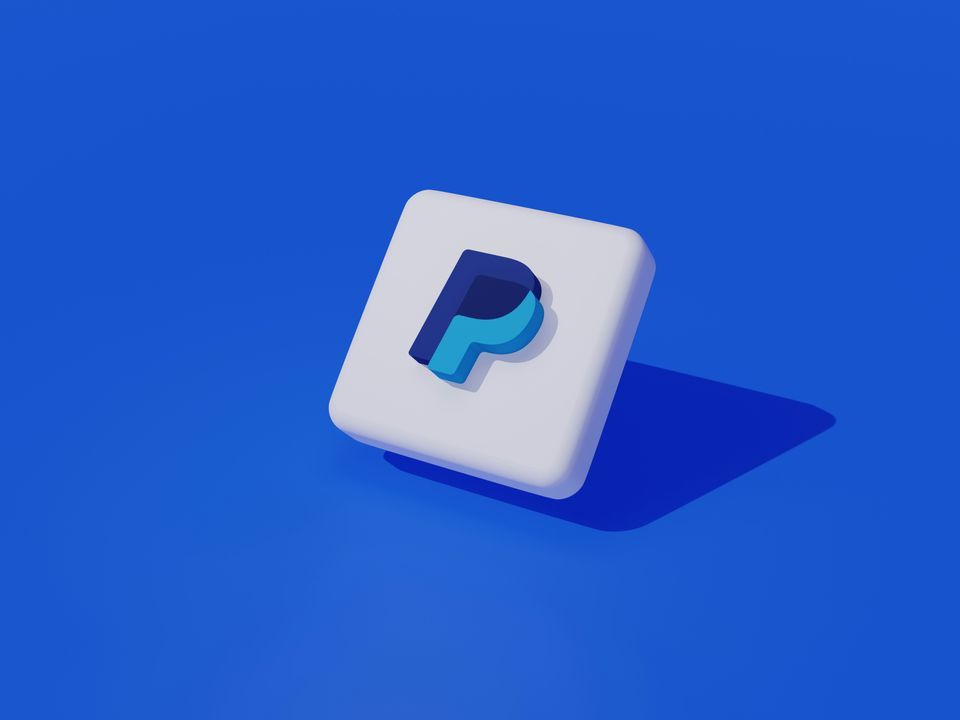 Three-dimensional PayPal app icon on a blue background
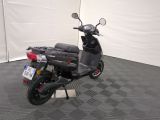 a scooter that is parked in a garage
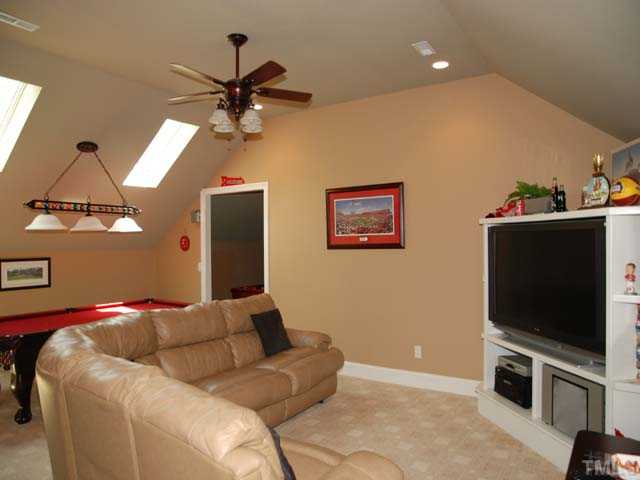 1005 Farnsworth Road Wake Forest, NC 27587 - Photo 14 of 25 The terrific bonus room with game area has skylights and a built in entertainment center.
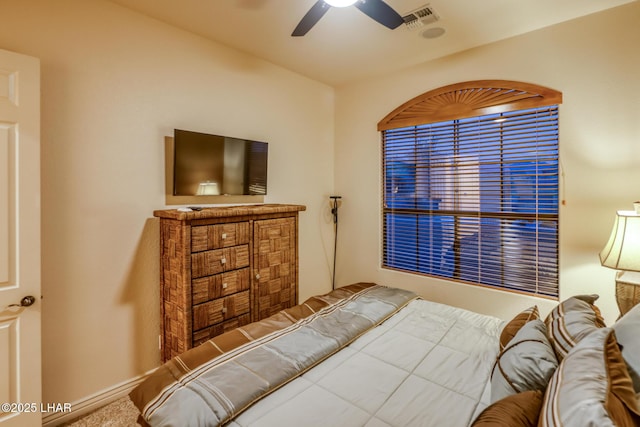 bedroom featuring visible vents and ceiling fan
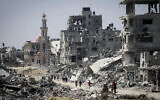People walk amid the rubble of buildings destroyed during the Israeli bombardment of Khan Yunis, in the southern Gaza Strip, on April 16, 2024.,(Photo by AFP)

#### What is required
Only the lines above starting with the line with "a scooter that is parked in a garage" and going on through the line with "bedroom featuring visible" belong in the answer; repeat them exactly, minus any picture.

#### Answer to this task
 a scooter that is parked in a garage
 1005 Farnsworth Road Wake Forest, NC 27587 - Photo 14 of 25 The terrific bonus room with game area has skylights and a built in entertainment center.
 bedroom featuring visible vents and ceiling fan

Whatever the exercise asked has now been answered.